In Cohen v. Beneficial Industrial Loan Corp., 337 U.S. 541 (1949), the Supreme Court recognized that the continuous ownership requirement is necessary to prevent the federal courts from being used to vindicate "purchased grievance[s]." A stockholder who brings suit on behalf of the corporation assumes a position of a fiduciary nature, and sues not for himself but as the representative of other shareholders similarly situated. Id. at 549. The adequate representation requirement attempts to impose responsibility and accountability on a plaintiff in a derivative action to ensure that he protects the interests of the other shareholders. Id. at 549-550.
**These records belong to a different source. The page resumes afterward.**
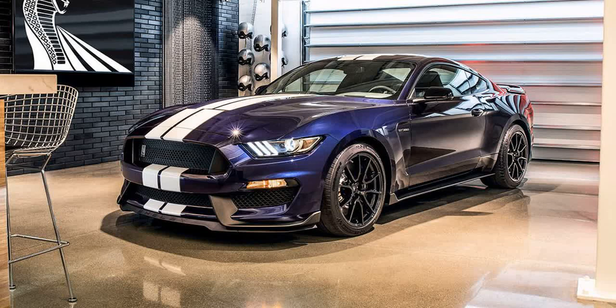The 2019 Ford Shelby GT350 goes on sale in early 2019. Though pricing hasn't been announced, expect a mild bump over the 2018 model's sticker price of $58,235 with destination.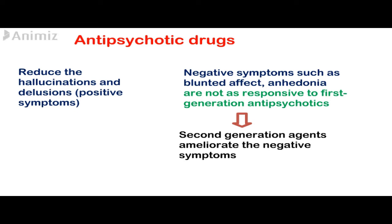As with many drugs used for central nervous system disease, antipsychotic drugs usually take several days to weeks for the effects to start.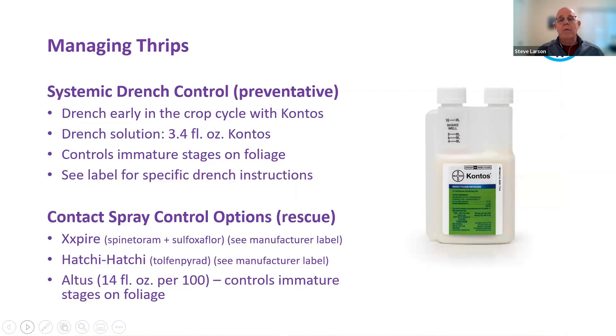We use a similar strategy with thrips as we did for aphids. Both Contos and Altus are very effective on thrips — they're piercing sucking insects, so we can utilize preventive systemic insecticide. I suggest Contos as a preventative option, with Altus and Mainspring as alternatives. For spray applications, Xpire from Corteva, Hachi-Hachi from Sepro — a very effective insecticide for thrips — and Altus, which has great activity on immature stages found on foliage, are all good choices.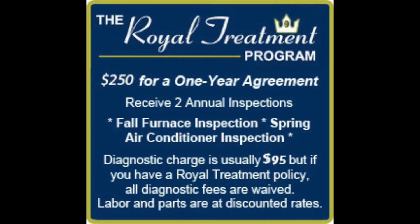What it consists of is $250 for the year, and what you get is two inspections throughout the year, one in the fall and one in the spring. Throughout the year, if you need service from us, you don't pay our diagnostic charge, which is $95, so there's a savings there. Parts and labor are given to you at a discounted rate, so it's a good program.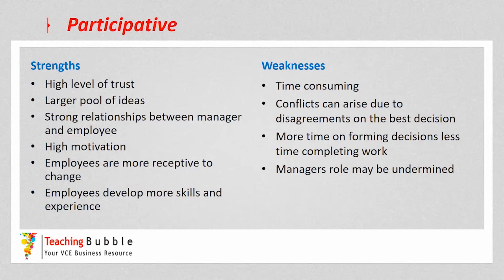However, the weaknesses are that it is even more time consuming, because there can be lots of discussion and even arguing about different ideas and decisions. This can cause conflicts due to disagreements between the manager and employees about what the best decision is. There's also more time spent forming decisions and less time completing actual work — sometimes too much time is spent on decision making rather than doing the work. Additionally, the manager's role may be undermined slightly, because employees may feel they can just go and make their own decisions.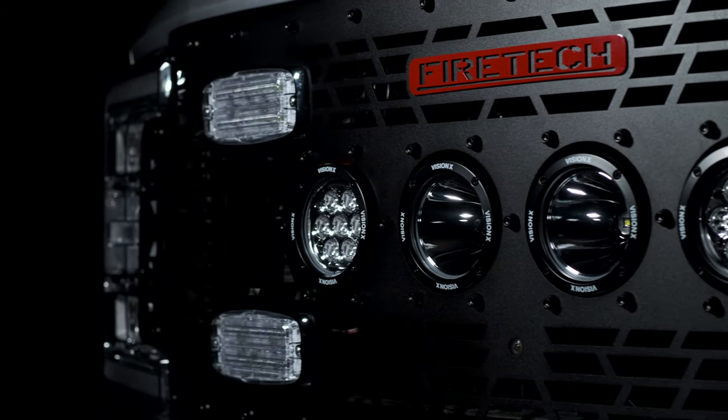Fire Tech scene lights are the most durable on the market — they fail less than one-tenth of a percent of the time. But if they do, we'll advance exchange a new fixture to minimize any downtime of your apparatus.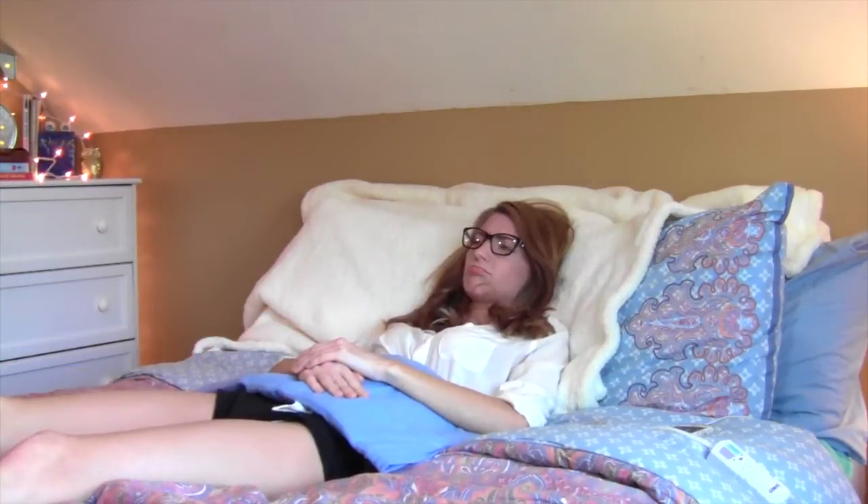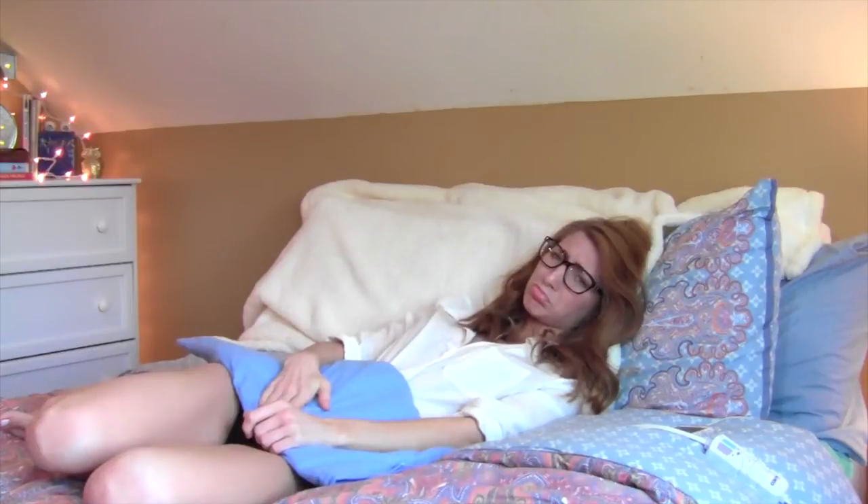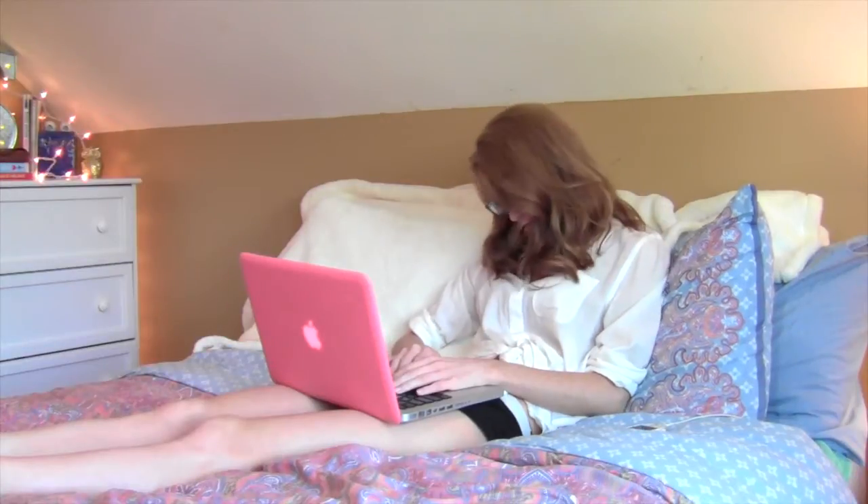We all know how periods can be. You have cramps, you fall asleep literally no matter what you're doing, and you break out. So here are my tips to help with that.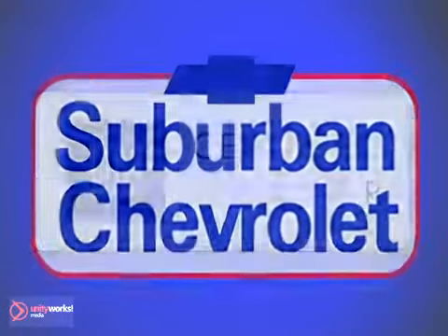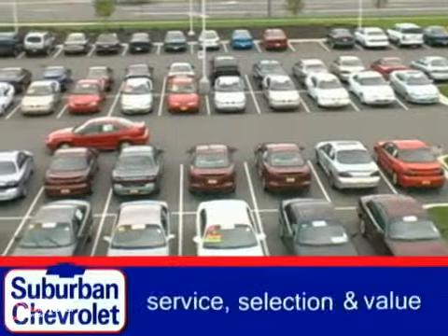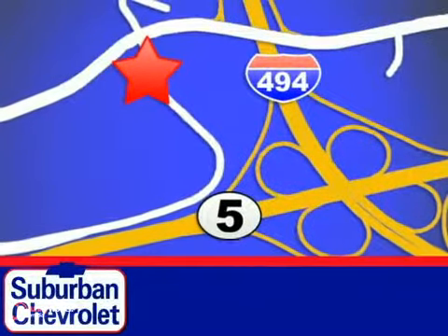At Suburban Chevrolet, a top-performing GM certified dealer, we're all about service, selection, and value. We're conveniently located in Eden Prairie at Highway 494 and Highway 5.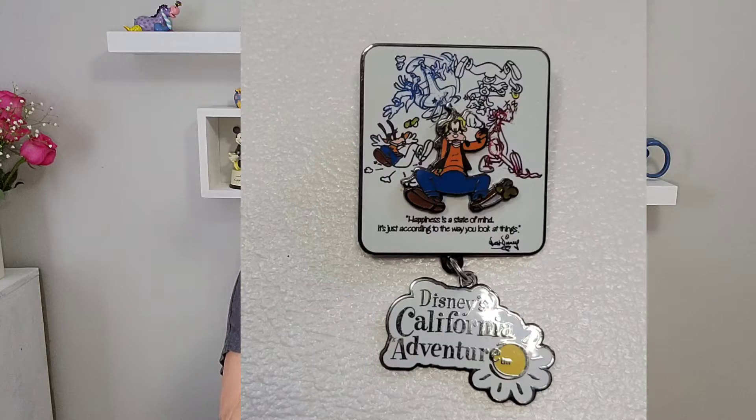The second pin is kind of a fun pin — it's a Goofy pin but it has this dangling little charm on it, which is super cute. It says Disney's California Adventure. I thought this was adorable, and it says 'Happiness is a state of mind — it's just according to the way you look at things.' That's a Walt Disney quote, and ain't that the truth.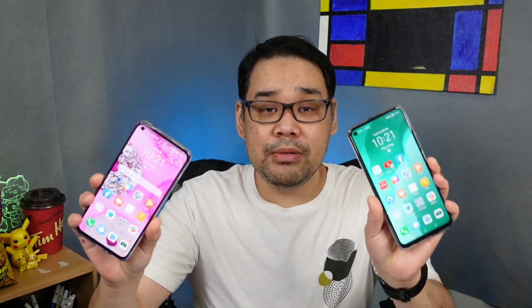What I have here is the Nova 7 SE and the Nova 7. The only difference between them is the chipset — the Nova 7 SE has the Kirin 820 chipset while the Nova 7 has the Kirin 985 chipset. One thing I noticed is that the Nova 7 SE is a bit wider, although the difference in millimeters is small compared to the Nova 7. But you can noticeably feel it's a bit wide.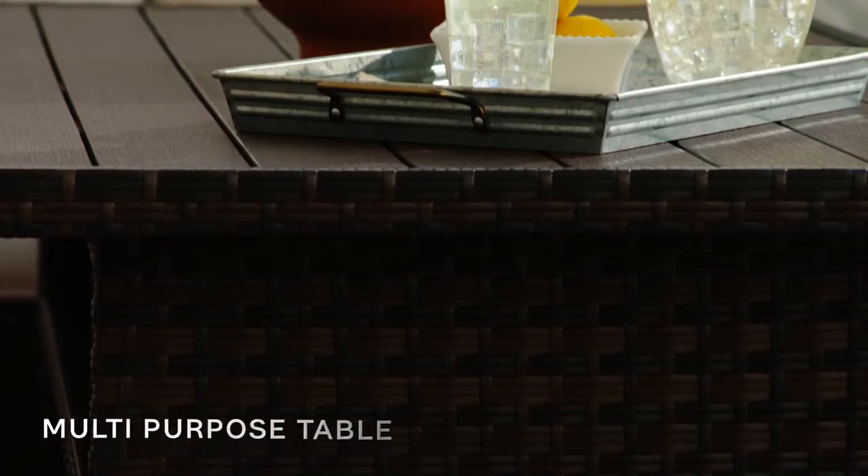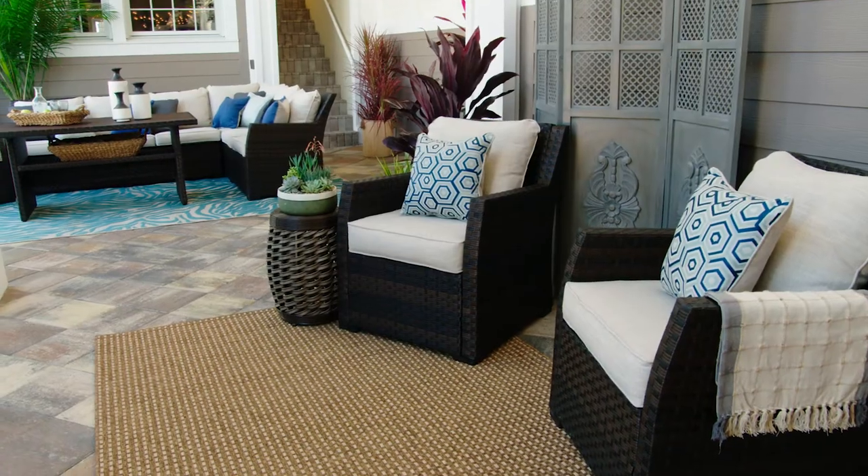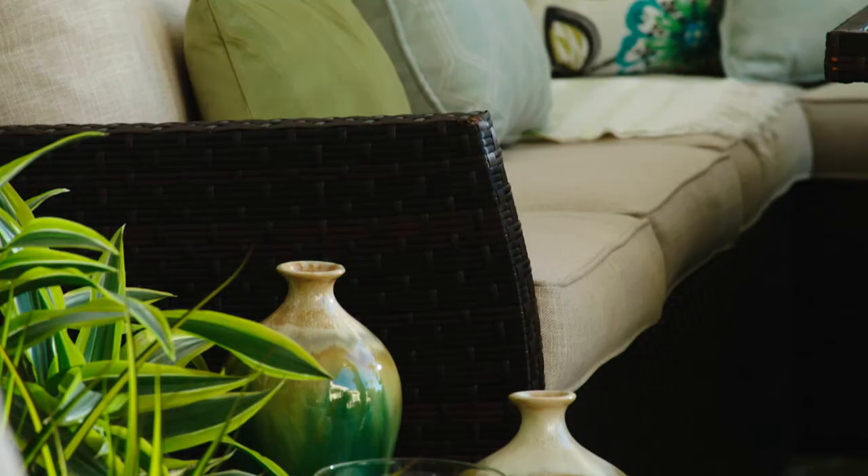The multi-purpose coffee dining table makes hosting a breeze. The beautiful lounge chairs take this look to the next level.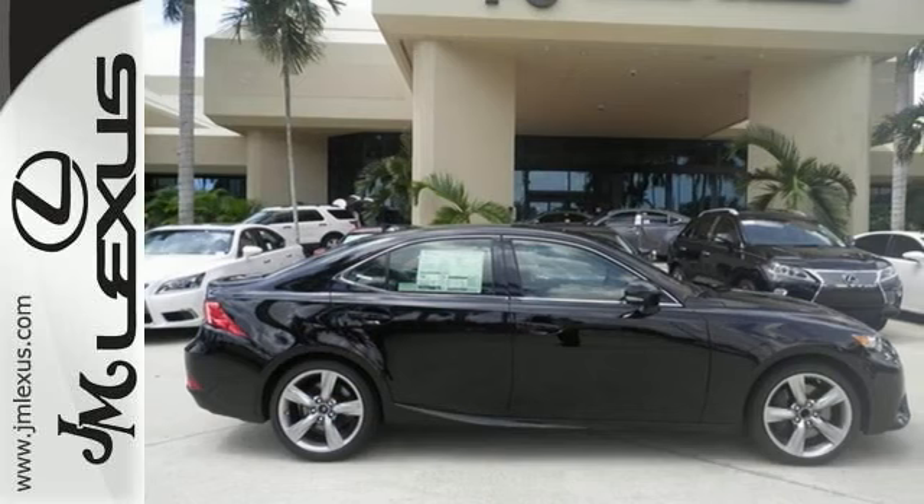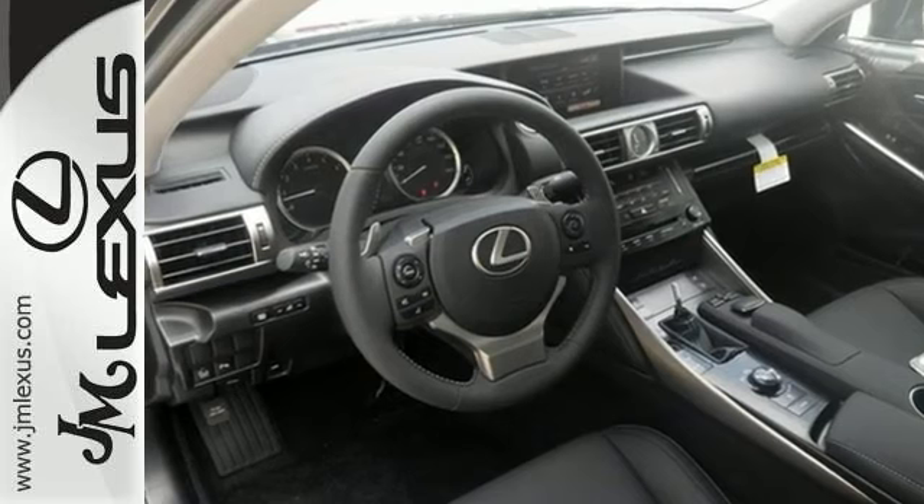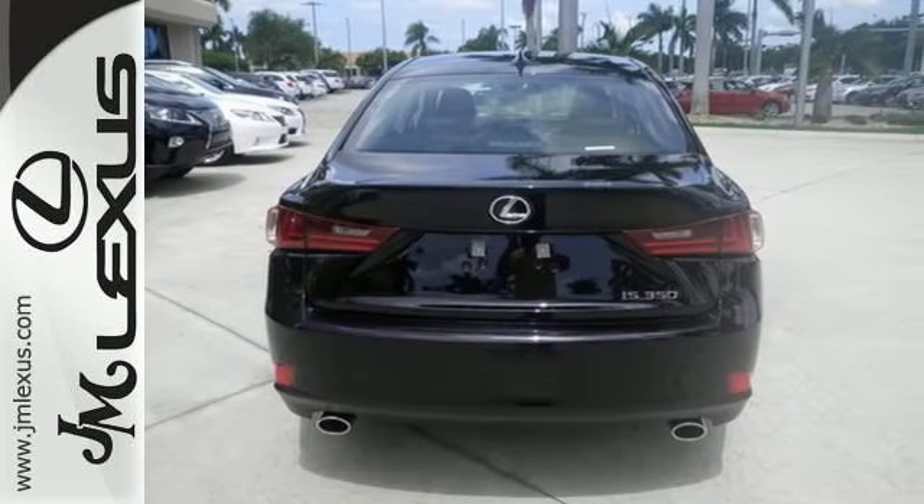Inside you'll find an emergency communication system, low tire pressure warning, a garage door transmitter and climate control. It also has heated mirrors, dual exhaust, a power moonroof and stability and traction control.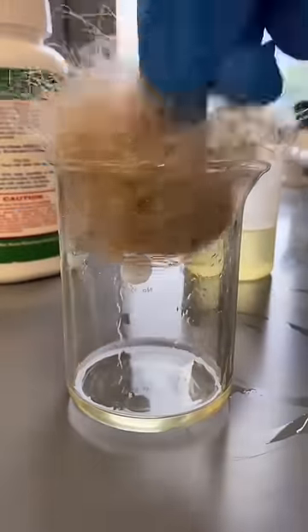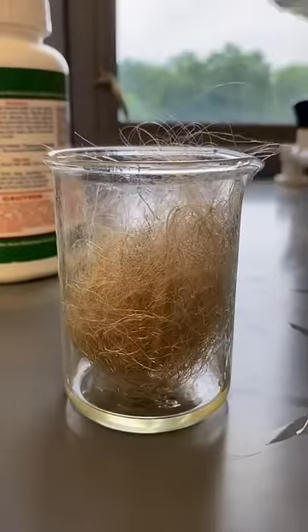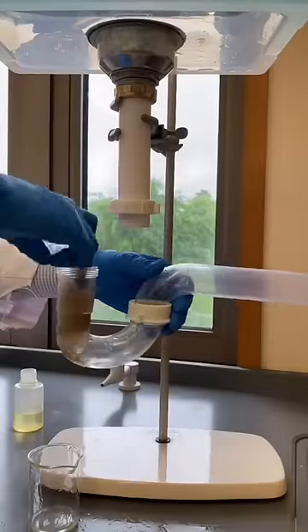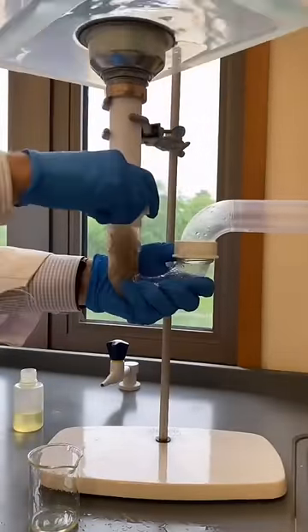Clogged drains are often the result of build-ups of hair, soap scum, and oil from our skin, resulting in a disgusting blob that slows the flow of water or prevents water from flowing entirely.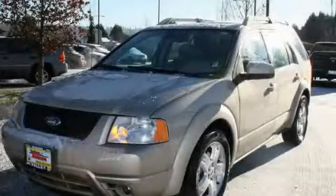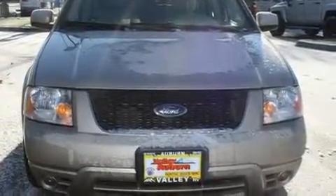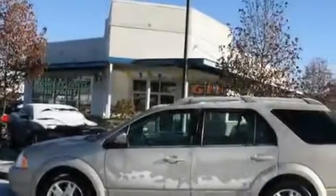This is a 2006 Ford Freestyle, a great blend of utility, comfort and style. It has a 3.0-liter six-cylinder engine, an automatic transmission and four-wheel drive.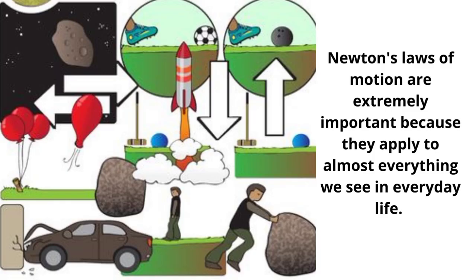Newton's laws of motion are extremely important because they apply to almost everything we see in everyday life. These principles explain why things move and stay stationary, such as why you don't float out of bed or hit your head on the floor when you're at home. Newton's laws of motion govern the movement of cars, water, buildings, and nearly everything else in our environment.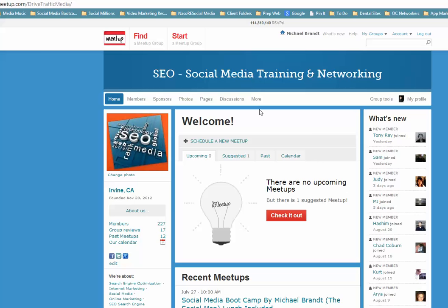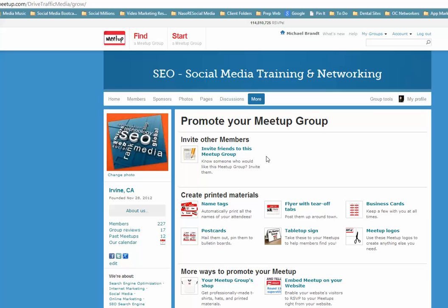One way to get people to join a group is to go to 'Promote.' Click on it and there are quite a few things here — some cool things. You can get business cards, fill them out, and it's a great way to hand them out at networking events to get people to go to your Meetup group.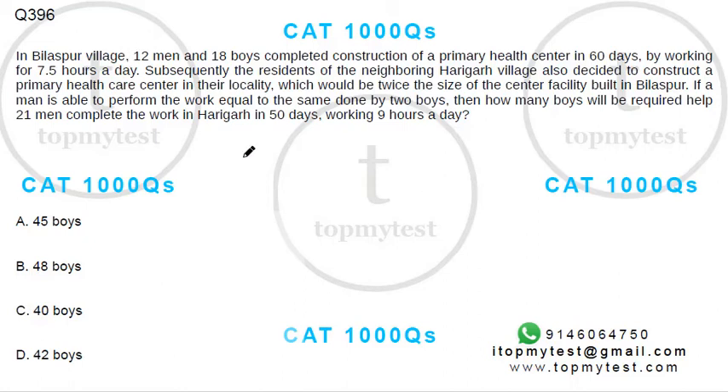This is a simple question on time and work. In Bilaspur village, 12 men and 18 women completed construction of a primary health care center in 60 days by working seven and a half hours a day. Subsequently, the residents of neighboring Haribagh village decided to construct a primary health care center twice the size. If a man can perform work equal to two boys, how many boys will be required to help 21 men complete the work in 50 days working nine hours a day?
(ii) New Jersey State Law Governing Derivative Claims
N.J.S.A 14A:3-6.2 governs derivative suits under New Jersey law, and requires the plaintiff to remain "a shareholder throughout the derivative proceeding," and "fairly and accurately represent[s] the interest of the corporation in enforcing the right of the corporation." See also Pogostin v. Leighton, 216 N.J. Super. 363, 371 (App. Div. 1987)(citing earlier version of the statute and New Jersey Court Rule 4:32-5).
New Jersey follows the "American rule," whereby stockholders claiming injuries similar to all other stockholders "may not recover for the injury to [their] stock alone, but must seek recovery derivatively in behalf of the corporation." Strasenburgh, supra, 146 N.J. at 550 (internal citation omitted). In fact, New Jersey law bars shareholders from suing for injuries arising from the diminution in value of their shares resulting from wrongs allegedly done to their corporations." Pepe v. General Motors Acceptance Corp., 254 N.J. Super. 662, 666 (App. Div. 1992), certif.denied,130 N.J. 11 (1992).
Under New Jersey law,with closely held corporations a court has the discretion to treat derivative claims as a direct action if certain conditions are met, such as the absence of: (i) exposure to multiple actions; (ii) material prejudice to creditors; and (iii) interference with a fair distribution of recovery among all interested persons. Brown v. Brown, 323 N.J .Super. 30, 36 (App. Div. 1999), certif. denied, 162 N.J. 199 (1999) (internal citation omitted).